In another aspect, a boom lift system includes a first actuator operable to perform a first hydraulic function, a second actuator operational in parallel with the first actuator to perform a second hydraulic function, a pump-motor arrangement having a motor operable to drive a pump to provide a fluid to the first actuator and the second actuator, the pump-motor arrangement configured to provide a controlled, variable flow rate of the fluid to the first actuator or the second actuator when only one of the first actuator or the second actuator are actuated, and a valve arrangement configured to provide a controlled, variable flow rate of the fluid from the pump to the first and second actuators when both of the first actuator and the second actuator are actuated.

In yet another aspect, a boom lift system includes a plurality of actuators including a first actuator operable in response to a first input and a second actuator operable in response to a second input, a pump-motor arrangement having a motor operable to drive a pump to move a fluid through a primary conduit to the first actuator and to the second actuator, a decentralized valve arrangement having a first valve located adjacent the first actuator and a second valve located adjacent the second actuator, wherein the first valve is spaced apart from the second valve and both of the first valve and the second valve are spaced apart from the pump-motor arrangement, and a controller programmed to receive a first signal indicative of the first input and a second signal indicative of the second input, the controller further programmed to control a different one of the pump-motor arrangement or the decentralized valve arrangement to vary a flow of fluid to the first and/or second actuator based upon whether only one or both of the first and second inputs are received.

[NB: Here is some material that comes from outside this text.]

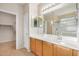 Bathroom with double sink vanity, ample lighting, and a large mirror reflecting the glass-enclosed shower at 40713 N Citrus Canyon Trl, Phoenix, AZ 85086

BRIEF DESCRIPTION OF THE DRAWINGS

FIG. 1 is a schematic side view of a boom lift system.

FIG. 2 is a schematic representation of a single actuator of the boom lift system in combination with a variable speed motor.

FIG. 3 is a schematic representation of a single actuator of the boom lift system in combination with a variable displacement pump.

FIG. 4 is a schematic representation of the boom lift system having a variable speed motor.

FIG. 5 is a schematic representation of the boom lift system having a variable displacement pump.

FIG. 6 is a control diagram of the boom lift system having a variable speed motor.

FIG. 7 is a control diagram of the boom lift system having a variable displacement pump.

FIG. 8 is a schematic representation of the boom lift system utilizing a flow sharing functionality.

FIG. 9 is a flowchart depicting paths for first and second modes of operation.

FIG. 10 is a control diagram of the boom lift system having a variable speed motor and a variable displacement pump.

DETAILED DESCRIPTION

Before any embodiments of the disclosure are explained in detail, it is to be understood that the disclosure is not limited in its application to the details of construction and the arrangement of components set forth in the following description or illustrated in the following drawings. The disclosure is capable of other embodiments and of being practiced or of being carried out in various ways.

FIG. 1 illustrates a boom lift system 10 having a decentralized valve arrangement 12, a pump-motor arrangement 64 (including a motor 14 and a pump 16), and actuators 18, 22. These elements are additionally shown schematically in FIGS. 2 and 3. With continued reference to FIG. 1, the actuators 18, 22, are mounted to structural extensions or beams 24a, 24b, 24c (e.g., mast, boom, etc.) of the boom lift system 10 at various joints to move (e.g., rotate, extend) the different beams 24a, 24b, 24c relative to one another under hydraulic power, thereby repositioning a work platform or lift 26 into different positions relative to a base 28. The boom-lift system 10 is a hybrid throttle-less control system. For a single actuator control, the system 10 works as a pure throttle-less control system. For multi-actuator control, the system distributes flow to multiple unevenly loaded actuators 18, 22 via proportional directional valve compensation based on inertial measurement units.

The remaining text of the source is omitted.